Comentário de zuleica jorgensen malta nascimento em 20 novembro 2008 às 23:00
Oscar,
Não sou especialista no assunto, longe disso. Mas convivo com cantores líricos há longo tempo, tenho inclusive um filho tenor. Mas creio que sua classificação deveria incluir as mezzo sopranos, cujas vozes são muito características. As variações dentro de cada timbre são muitas e em muitos casos, sopranos podem cantar papeis operísitos escritos para mezzos e o mesmo ocorre com os tenores, que eventualmente, podem contar peças feitas para barítonos. Mas nas óperas que tive ocasião de assistir sopranos mezzos são pefeitamente caracterizados assim como barítonos e tenores. Creio, portanto, que grosso modo, os timbres são cinco, e não quatro: baixos, barítonos, tenores, mezzo sopranos e sopranos. Com as variações conhecidas em cada timbre. Um abraço. Zuleica
Comentário de Jose Arlindo em 20 novembro 2008 às 23:02
Corrigindo, o Ivan Rebroff gravava com o Coro dos Cossacos do Don e não com o Coro do Exército Vermelho
Comentário de Helô em 21 novembro 2008 às 0:27
Bem você disse no início: "A classificação das vozes no canto lírico é matéria em torno da qual há muita controvérsia". Haha, bota controvérsia!
Mas o Jonas já escreveu o que eu pensei em lhe dizer. Tenho certeza de que o post é resultado de muito trabalho e pesquisa. Talento, para quem já o conhece, sabe que há de sobra. Já conhecia o Wladimir Miller desde que resolvi pesquisar sobre a Igreja Ortodoxa Russa, mas estou impressionadíssima com o Pasuikov! Já escutei umas quatro vezes! É tão bonito que dá até medo! :)
Beijos.
Comentário de Helô em 21 novembro 2008 às 10:44
Lembrei agora o que eu queria lhe dizer, meu professor-doutor em Bel Canto: Modelos Mentais!
Bjs.
Comentário de Oscar Peixoto em 21 novembro 2008 às 11:24
Meu prezado Marcos, obrigado por sua visita à minha página.
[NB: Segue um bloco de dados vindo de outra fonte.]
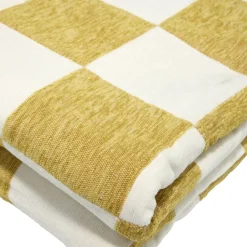 Plaid chenille motif damier bicolore 127x152cm (2 modèles)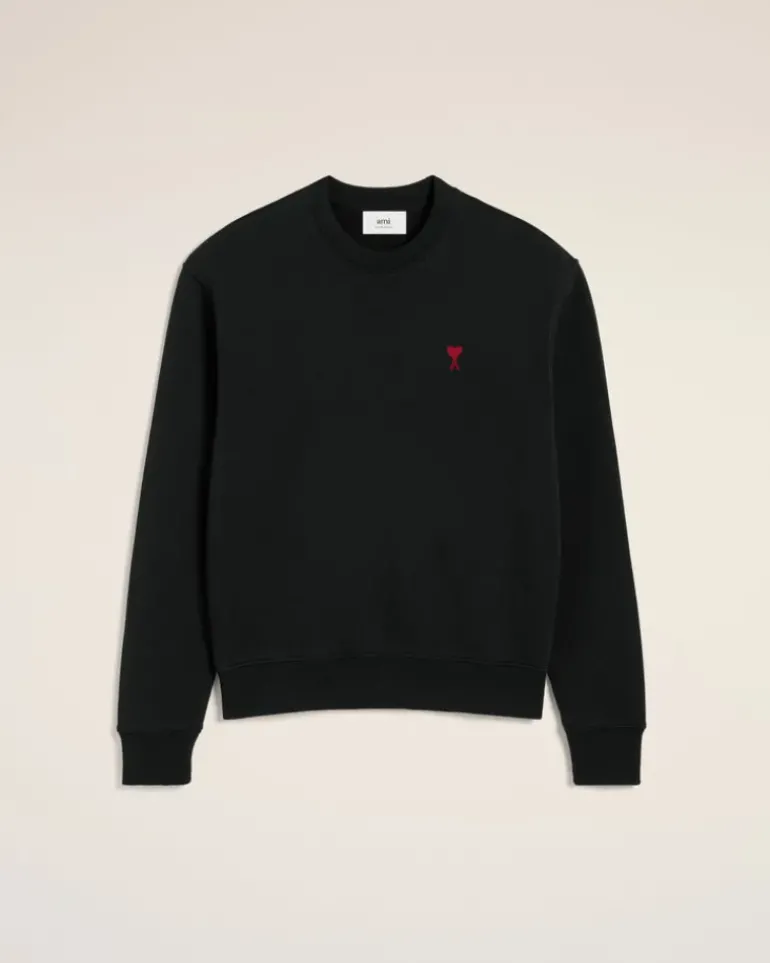 Ami Paris Cotton Ami de Coeur Sweatshirt BLACK Sale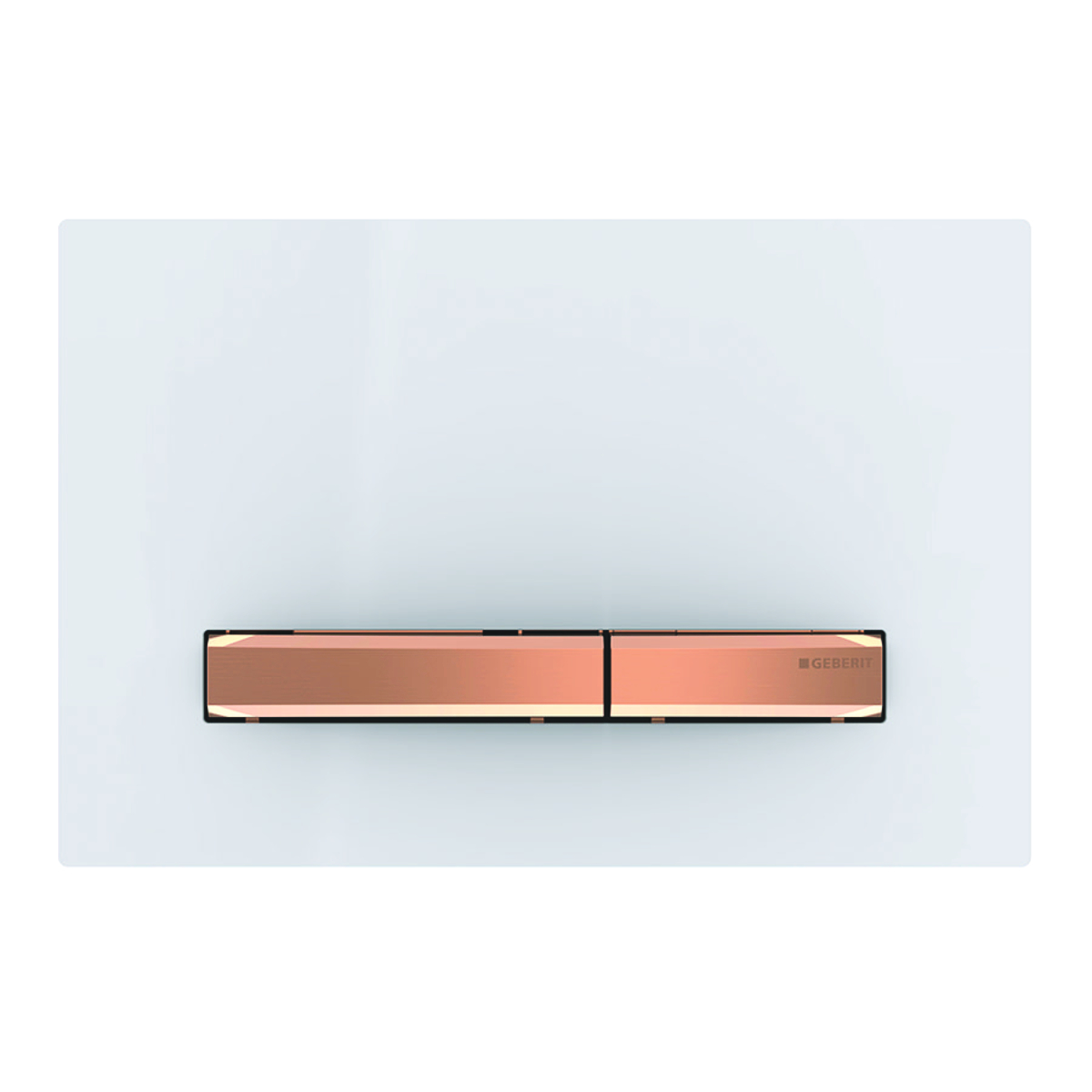 Geberit Sigma 50 Square drukplaat glans wit met rose-gouden knoppen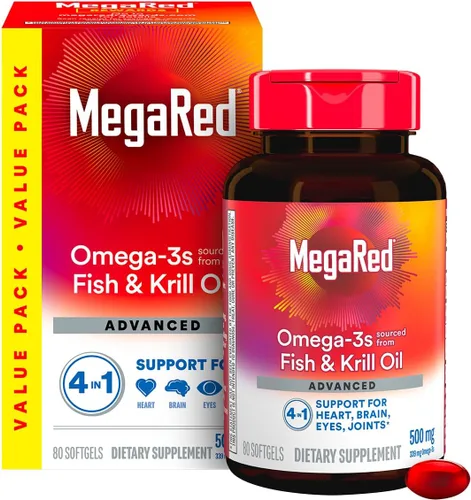 Miniatura 2 de Megared Aceite de pescado omega-3 + aceite de krill de alta absorción 500 mg cápsulas blandas, MegaRed Advanced 4 en 1 (80 unidades en una botella)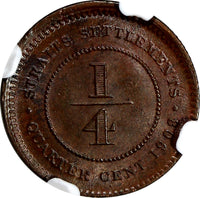 Straits Settlements Edward VII Copper 1908 1/4 Cent NGC MS62 SCARCE KM# 17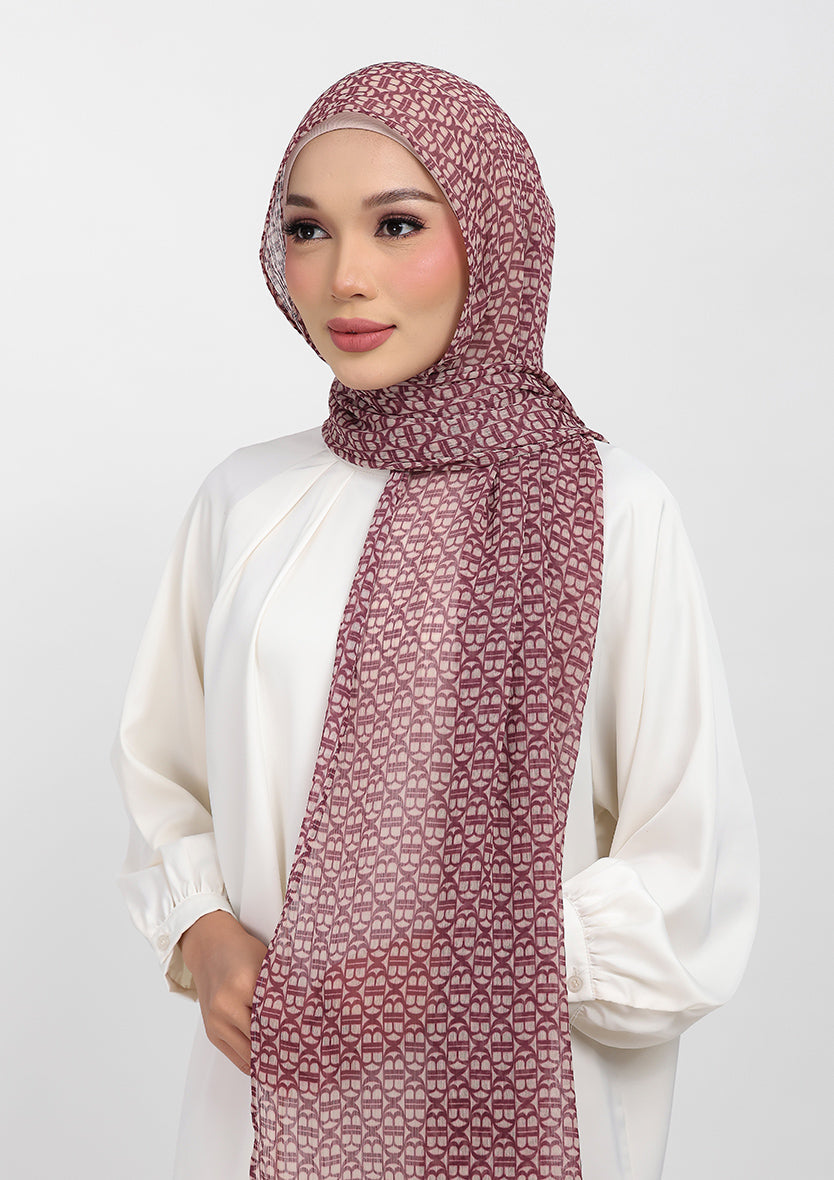 Maison B Burgundy - Instant Hijab With Inner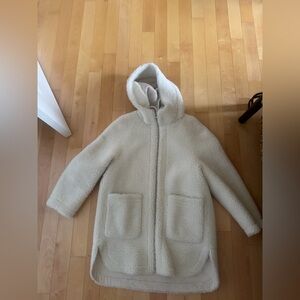 Zara Cream Teddy Hooded Coat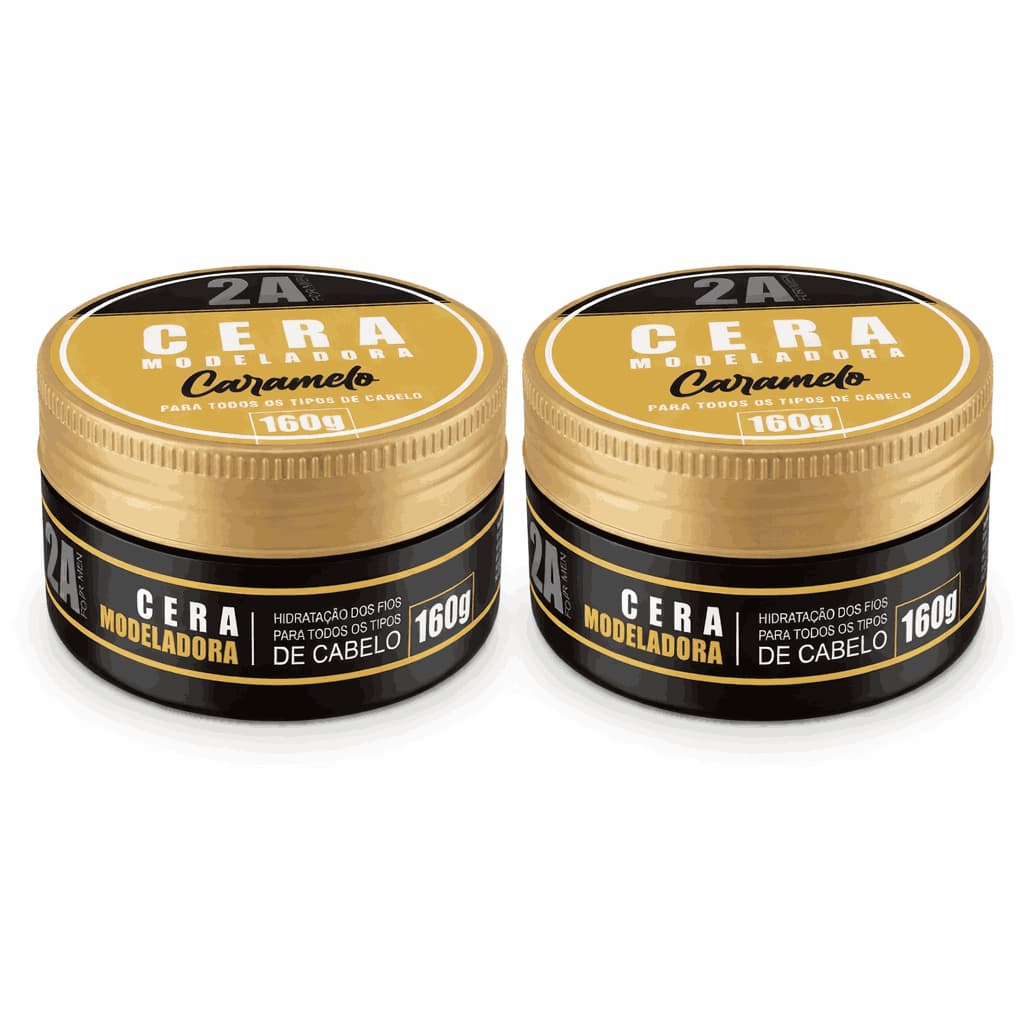 Kit 2x Cera Modeladora 2A Caramelo 160g | Acabamento Profissional | Define e Modela | Uso Diário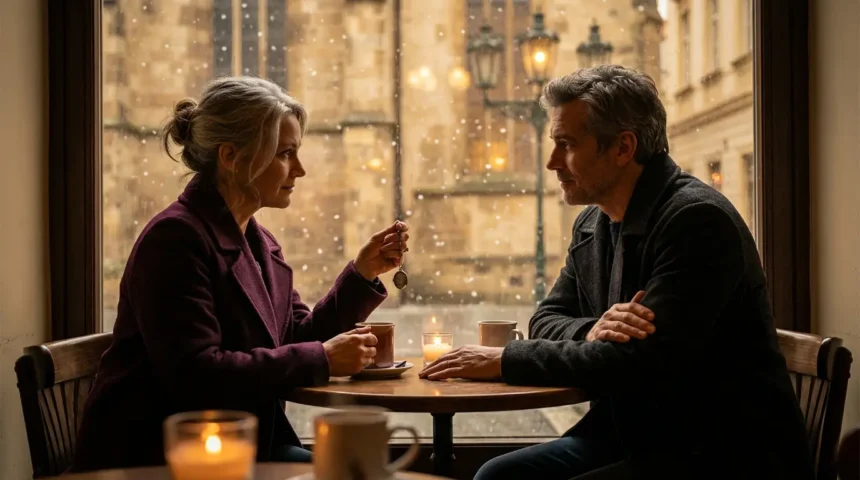 Mature couple reconnecting over a lost locket in a Prague café, evoking second-chance romance.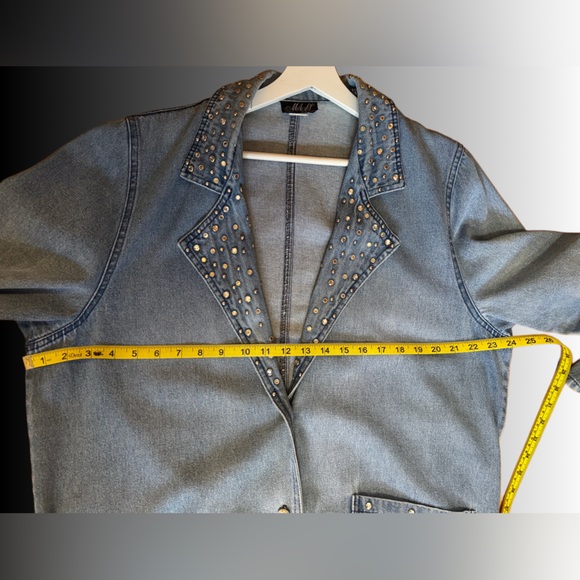 MASS Paris NYC 80’s embellished oversized denim duster - Picture 3 of 7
Críticas e comentários serão sempre bem-vindos, mormente quando contribuírem para ampliar conhecimentos – como é o intuito, me parece, desta comunidade criada pelo LN.
Você deve ter notado que no primeiro parágrafo do meu “post” faço questão de afirmar que há controvérsias quanto à classificação das vozes. Aliás, há controvérsia em qualquer classificação. Desde Aristóteles (o primeiro filósofo a tentar classificar a natureza a partir da observação) que a maneira de ordenar seres ou coisas dá margem a dissensões, isto porque toda classificação depende do critério estabelecido como ponto de partida.
Assim, verifique que utilizei, como critério, as tessituras vocais do ser humano (sem considerar se macho ou fêmea) a partir da mais grave para a mais aguda. Você até pode discordar dessa classificação, uma vez que nesse campo não se impõe o “magister dixit”, e adotar outro tipo de classificação, mas, evidentemente, estará partindo de critério diferente. Assim, nem uma nem outra seriam erradas, seriam apenas diferentes. Mas, só por curiosidade, veja como a sua classificação ignora o fato de que há vozes masculinas tão agudas quanto a “voz feminina aguda”, como é o caso do contratenor. E aí? Como ficaria sua classificação?
Bem, Marcos (interessante você, tão jovem, mostrar parcialmente o nome e esconder totalmente o rosto), meu propósito aqui neste canto não é dar aulas, ditar normas ou estabelecer polêmicas muito menos. Meu intuito é o de fazer algo quase na base do “quem tem medo do canto lírico”, de forma simples, coloquial, sem pseudo-erudição ou esnobismo rançoso, tão característicos da nossa inteligentsia tupiniquim. Pretendo tão somente atrair novos interesses pelo canto lírico - essa arte tão ignorada, tão abandonada por nosso povo – mostrar, principalmente, que no mundo, a cada dia, surgem novos valores, novas gerações de cantores líricos, tão bons quanto as grandes estrelas do passado (que não serão aqui esquecidas).
Só que, num determinado momento, senti que havia a necessidade de botar alguma ordem na casa, daí me aventurar numa pequena digressão sobre a voz humana., procurando orientar um pouco mais aqueles neófitos que aqui se aventurassem. Não é uma página, pois, para especialistas, embora estes, se quiserem, possam aperfeiçoá-la.
Mas, o mais importante, o objetivo maior da página, você não comentou: os cantores! Fiquei sem saber se, além de não ter gostado da classificação, você também não gostou dos cantores...
Comentário de Marcio Frota em 21 novembro 2008 às 13:58
Caro Oscar,
não sou especialista, não poderia discorrer sobre o assunto...mas adoro música, e adoro o NOVO, e pra mim é isso que vc traz.Eu sempre quis saber sobre os baixo superprofundos, apesar de nem mesmo saber que queria...
As vozes são sensacionais, a primeira musica principalmente, linda.
Muito obrigado pelo enriquecimento
um abraço

Comentar

Você precisa ser um membro de Portal Luis Nassif para adicionar comentários!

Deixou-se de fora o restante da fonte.